14.04.2005 RUSSIAN RESEARCHES WRITE BOOK ABOUT MOLDOVA

Chisinau, April 14 (Infotag). Experts from the Russian Institute of Strategic Researches and Reforms (RISI) convened a news conference in Infotag today, and presented their book entitled “The Republic of Moldova: Modern Development Trends”.

RISI Director professor Evgeny Kozhokin said the book is a part of a series dedicated to former USSR nations. It is intended for scientific-research organizations and for providing better information to supreme legislative and executive organs.

Director of the Moldovan Center for Strategic Researches and Reforms Dr. Anatoly Gudym said the book is a research of economic, social and political processes in Moldova and Transnistria. In his opinion, Russia has 3 kinds on interests in this republic – geopolitical, investment, and protection of its citizens living here.

The edition’s 4 sections are dedicated to economic situation and reforms, external ties, politics, ethnic groups, religion. The authors made an assessment of Moldova’s relationships with the Russian Federation and the European Union.

Touching on European integration processes, Yevgeny Kozhokin said that the European Union is increasingly assuming the traits of a state with its own, certain values. Many EU member countries renounce certain state functions, such as national defense and security, relegating them to the NATO.

The Moscow professor qualified as “a challenge, in a certain sense” the intention by Turkey and Ukraine to join the European Union. In his opinion, these 2 countries would hardly agree to minor, secondary-importance roles in the Union. On the other side, the EU has not yet shaped a clear-cut stance on the enlargement of membership in the European Union where a gap between the living standards in its member states is becoming wider and wider.

The RISI Director believes the Transnistria conflict can hardly ever be resolved without an account of its populace’s position on that problem, and this position differs from that of Moldova’s and many other countries’ and organizations’.

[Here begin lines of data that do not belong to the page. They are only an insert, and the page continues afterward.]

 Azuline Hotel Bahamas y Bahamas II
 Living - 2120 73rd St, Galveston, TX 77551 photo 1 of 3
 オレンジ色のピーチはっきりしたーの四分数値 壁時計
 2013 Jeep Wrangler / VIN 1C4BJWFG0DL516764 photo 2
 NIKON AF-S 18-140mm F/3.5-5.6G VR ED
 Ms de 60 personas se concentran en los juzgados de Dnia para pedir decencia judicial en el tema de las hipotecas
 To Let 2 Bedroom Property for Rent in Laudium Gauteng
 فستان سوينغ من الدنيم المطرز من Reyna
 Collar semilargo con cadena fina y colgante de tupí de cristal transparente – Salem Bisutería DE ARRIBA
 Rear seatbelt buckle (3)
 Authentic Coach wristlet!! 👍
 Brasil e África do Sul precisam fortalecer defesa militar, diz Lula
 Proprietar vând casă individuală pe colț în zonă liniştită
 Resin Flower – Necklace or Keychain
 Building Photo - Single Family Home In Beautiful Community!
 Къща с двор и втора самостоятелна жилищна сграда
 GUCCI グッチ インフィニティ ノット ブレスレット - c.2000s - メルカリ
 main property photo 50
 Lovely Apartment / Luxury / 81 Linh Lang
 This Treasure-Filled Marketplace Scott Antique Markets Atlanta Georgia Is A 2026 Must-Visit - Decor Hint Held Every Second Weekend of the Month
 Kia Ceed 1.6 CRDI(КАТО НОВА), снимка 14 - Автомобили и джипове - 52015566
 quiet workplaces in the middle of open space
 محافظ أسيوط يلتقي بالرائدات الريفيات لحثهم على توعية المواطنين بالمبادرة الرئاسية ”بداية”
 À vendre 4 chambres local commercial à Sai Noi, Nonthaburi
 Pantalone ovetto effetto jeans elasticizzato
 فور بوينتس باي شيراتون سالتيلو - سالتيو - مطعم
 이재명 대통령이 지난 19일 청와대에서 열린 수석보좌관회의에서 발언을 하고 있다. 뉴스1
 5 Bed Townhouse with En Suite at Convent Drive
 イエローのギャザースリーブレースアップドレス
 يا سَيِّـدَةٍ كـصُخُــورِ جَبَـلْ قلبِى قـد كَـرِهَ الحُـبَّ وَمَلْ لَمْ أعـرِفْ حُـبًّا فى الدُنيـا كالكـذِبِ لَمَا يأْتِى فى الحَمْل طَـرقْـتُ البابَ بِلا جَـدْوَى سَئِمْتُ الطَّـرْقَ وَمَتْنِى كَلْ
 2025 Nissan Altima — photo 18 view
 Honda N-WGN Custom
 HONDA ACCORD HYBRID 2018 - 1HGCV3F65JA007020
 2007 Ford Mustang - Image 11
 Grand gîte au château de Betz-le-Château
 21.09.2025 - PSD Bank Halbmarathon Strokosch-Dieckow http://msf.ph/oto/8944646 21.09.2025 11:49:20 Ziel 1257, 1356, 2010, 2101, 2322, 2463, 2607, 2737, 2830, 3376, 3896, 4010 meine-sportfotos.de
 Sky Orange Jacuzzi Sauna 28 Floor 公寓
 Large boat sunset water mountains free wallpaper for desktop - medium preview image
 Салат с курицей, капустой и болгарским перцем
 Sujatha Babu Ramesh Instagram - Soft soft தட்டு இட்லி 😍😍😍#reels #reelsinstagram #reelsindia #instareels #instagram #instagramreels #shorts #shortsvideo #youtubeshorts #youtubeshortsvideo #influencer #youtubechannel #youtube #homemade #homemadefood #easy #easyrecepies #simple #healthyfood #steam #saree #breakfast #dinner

More than one-third of the book volume is dedicated to the Transnistrian question. The authors expressed regret that a good chance was missed to resolve the Transnistria conflict – the Kozak Memorandum. They qualify the present day relationship between Chisinau and Tiraspol as a “depressive and negative”, writing that a decade of separate living has generated new problems: during those years, two relatively independent socio-political systems have come into being, as well as 2 power elites, with their separate tangible interests.

The book’s circulation is 800 copies, and a part of it will be given as a gift to Moldovan universities. This is the first publication of that kind about Moldova published in Russia since 1991.